Le féminisme de mon grand-père

Mes grands-parents sont arrivés sur les territoires d’un Empire secoué par les soubresauts  de son agonie. J’ai, sur cette période, des représentations confuses, héritées de mes deux premières années d’école primaire en Turquie. A maintes reprises, j’ai essayé de faire parler mon grand-père de sa jeunesse, mais Aliyar Dede (dede= grand-père en turc) n’entendait plus toutes mes questiondede3s. Sa mémoire avait déjà fait son travail de tri et il racontait encore et encore la rapidité de leur décision de fuir, les charrettes surchargées et les bêtes qui mourraient en chemin car ce n’était pas simple de franchir la barrière du Caucase.
Il revenait surtout sur les adieux qu’il n’avait pas pu faire à son maître d’école. Aliyar Dede a toujours regretté de n’avoir pu étudier comme il le voulait. Je n’ai jamais compris de quelle école il parlait. Peut-être une école de langue russe ou une medrese, une école coranique. Quoi qu’il en soit, il devait déjà avoir un minimum d’instruction car il est très rapidement devenu un petit fonctionnaire de la toute jeune république turque. Il avait su probablement s’adapter très rapidement au nouvel alphabet mis en place par Mustafa Kemal.
Néanmoins, ce ne sont pas des prénoms turcs mais persans ou arabes qu’il a été chercher pour chacun de ses huit enfants. J’y vois là un reste prégnant de sa première éducation. Nous, ses petits enfants nous nous sommes souvent demandés par quelle étrange géographie ma grand-mère avait été affublée du nom d’une ville azérie à majorité chiite située au-delà de la frontière iranienne, Tabriz. A ce que l’on sache, nous n’avions jamais été chiites, à moins que l’on nous ait caché des choses… Il faut peut-être aussi croire que les frontières étaient plus poreuses au début du siècle et le sentiment national bien moins envahissant.
La plus grande fierté d’Aliyar Dede était d’avoir réussi à faire étudier presque tous ses huit enfants. Cette recherche d’éducation s’est parfois faite au prix de difficiles séparations car plus d’une fois il avait fallu faire le choix de l’internat. C’est dès ce moment que le fils préféré de mon grand-père, envoyé dans un internat à l’autre bout du pays a commencé à s’éloigner de ce père qu’il adorait mais dont il ne comprenait pas l’intransigeance.
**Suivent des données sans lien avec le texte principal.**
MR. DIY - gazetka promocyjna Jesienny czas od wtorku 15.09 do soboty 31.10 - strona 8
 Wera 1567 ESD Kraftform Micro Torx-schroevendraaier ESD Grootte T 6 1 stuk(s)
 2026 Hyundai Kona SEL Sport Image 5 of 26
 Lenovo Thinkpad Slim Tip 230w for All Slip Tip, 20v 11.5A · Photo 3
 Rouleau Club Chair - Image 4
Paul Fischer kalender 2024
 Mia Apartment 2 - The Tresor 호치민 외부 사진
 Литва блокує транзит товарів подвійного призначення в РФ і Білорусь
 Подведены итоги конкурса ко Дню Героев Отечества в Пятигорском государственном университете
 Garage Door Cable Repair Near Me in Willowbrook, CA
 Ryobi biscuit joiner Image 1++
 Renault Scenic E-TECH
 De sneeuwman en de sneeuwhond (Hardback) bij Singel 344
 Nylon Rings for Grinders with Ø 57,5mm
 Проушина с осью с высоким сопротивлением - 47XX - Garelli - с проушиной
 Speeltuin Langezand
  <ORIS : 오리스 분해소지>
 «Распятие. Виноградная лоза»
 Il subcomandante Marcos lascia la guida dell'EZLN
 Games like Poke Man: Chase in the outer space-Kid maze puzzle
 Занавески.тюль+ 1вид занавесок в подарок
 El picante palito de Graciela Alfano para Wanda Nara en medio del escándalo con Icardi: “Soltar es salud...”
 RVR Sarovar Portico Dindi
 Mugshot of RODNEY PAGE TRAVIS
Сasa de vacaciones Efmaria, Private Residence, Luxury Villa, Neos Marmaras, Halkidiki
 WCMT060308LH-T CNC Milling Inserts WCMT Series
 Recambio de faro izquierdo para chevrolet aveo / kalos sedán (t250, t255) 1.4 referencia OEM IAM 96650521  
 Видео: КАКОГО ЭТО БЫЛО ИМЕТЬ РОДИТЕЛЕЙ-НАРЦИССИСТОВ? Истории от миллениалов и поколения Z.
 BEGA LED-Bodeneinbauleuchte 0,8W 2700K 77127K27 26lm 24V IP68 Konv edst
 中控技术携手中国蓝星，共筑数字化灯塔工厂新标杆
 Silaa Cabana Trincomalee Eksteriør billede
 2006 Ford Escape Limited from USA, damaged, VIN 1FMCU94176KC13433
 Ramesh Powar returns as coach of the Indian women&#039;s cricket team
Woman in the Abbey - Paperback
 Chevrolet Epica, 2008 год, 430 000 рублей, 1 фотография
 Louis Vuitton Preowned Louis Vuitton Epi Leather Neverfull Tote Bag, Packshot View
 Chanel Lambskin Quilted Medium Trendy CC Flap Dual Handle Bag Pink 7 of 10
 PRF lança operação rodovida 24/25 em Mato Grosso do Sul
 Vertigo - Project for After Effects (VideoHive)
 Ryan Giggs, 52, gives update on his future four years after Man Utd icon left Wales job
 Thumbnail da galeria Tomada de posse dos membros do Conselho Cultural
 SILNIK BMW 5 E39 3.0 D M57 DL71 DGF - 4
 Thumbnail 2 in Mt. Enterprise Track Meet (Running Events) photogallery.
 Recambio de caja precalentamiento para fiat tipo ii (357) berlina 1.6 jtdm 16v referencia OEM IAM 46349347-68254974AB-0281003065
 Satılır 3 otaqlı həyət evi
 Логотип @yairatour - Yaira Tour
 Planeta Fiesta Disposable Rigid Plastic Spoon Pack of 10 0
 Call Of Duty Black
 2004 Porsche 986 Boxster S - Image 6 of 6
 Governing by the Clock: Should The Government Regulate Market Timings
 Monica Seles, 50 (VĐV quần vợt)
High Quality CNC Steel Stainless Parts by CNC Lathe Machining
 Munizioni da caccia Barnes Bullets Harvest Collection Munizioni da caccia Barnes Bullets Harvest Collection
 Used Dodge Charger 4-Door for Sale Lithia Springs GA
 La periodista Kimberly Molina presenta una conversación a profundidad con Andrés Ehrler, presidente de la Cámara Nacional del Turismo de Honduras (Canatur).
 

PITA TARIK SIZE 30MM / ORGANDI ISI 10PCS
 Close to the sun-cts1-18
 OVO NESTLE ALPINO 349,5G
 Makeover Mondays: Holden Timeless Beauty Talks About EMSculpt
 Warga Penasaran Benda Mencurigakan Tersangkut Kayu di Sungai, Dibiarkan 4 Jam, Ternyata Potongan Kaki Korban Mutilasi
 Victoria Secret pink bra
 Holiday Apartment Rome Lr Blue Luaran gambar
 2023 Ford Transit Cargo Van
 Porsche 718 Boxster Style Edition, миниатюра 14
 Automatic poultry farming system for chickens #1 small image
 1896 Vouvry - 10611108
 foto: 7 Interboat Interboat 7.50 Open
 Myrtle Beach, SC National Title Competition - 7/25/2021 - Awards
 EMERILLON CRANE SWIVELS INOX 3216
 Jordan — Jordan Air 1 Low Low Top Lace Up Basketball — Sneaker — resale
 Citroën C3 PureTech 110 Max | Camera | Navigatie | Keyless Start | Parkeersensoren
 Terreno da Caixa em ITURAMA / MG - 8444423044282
Il s’agit de celui de mes oncles qui vient de décéder dans un accident de voiture.
Aliyar Dede qui était devenu chef de gare a, malgré toutes ces difficultés et avec son petit salaire, mis sur les rails tous ses enfants, qui, à leur tour, sont devenus fonctionnaires.

C’est ainsi que nous avons dans la famille maternelle deux infirmières, deux instituteurs, un policier, et un diplomate. De quoi remplir les veillées de tas d'histoires cocasses, car chacun d'entre eux a travaillé dans les coins les plus reculés du pays dans un esprit pionnier.

Les deux autres filles qui n’ont pas eu de métier, ont eu la « bêtise » c’est Aliyar Dede lui-même qui le disait, de quitter la maison pour suivre des « bonshommes ».
Il était donc très en avance sur son temps cet homme pour qui l’éducation des filles était si importante, et qui encourageait les siennes à acquérir leur indépendance.
Mais il y avait malgré tout des limites à ses idées féministes et c’est ainsi que son opposition farouche au divorce a rendu 4 de ses 5 filles malheureuses. Paradoxalement c’est l’aînée qui avait fait un mariage arrangé et très précoce qui s’est le mieux sortie de sa vie d’épouse.
Les autres 4 filles étaient peut-être indépendantes, du moins financièrement, mais sans le soutien paternel elles n’ont jamais eu le courage de quitter leur mari. L’une d’entre elle est ma mère.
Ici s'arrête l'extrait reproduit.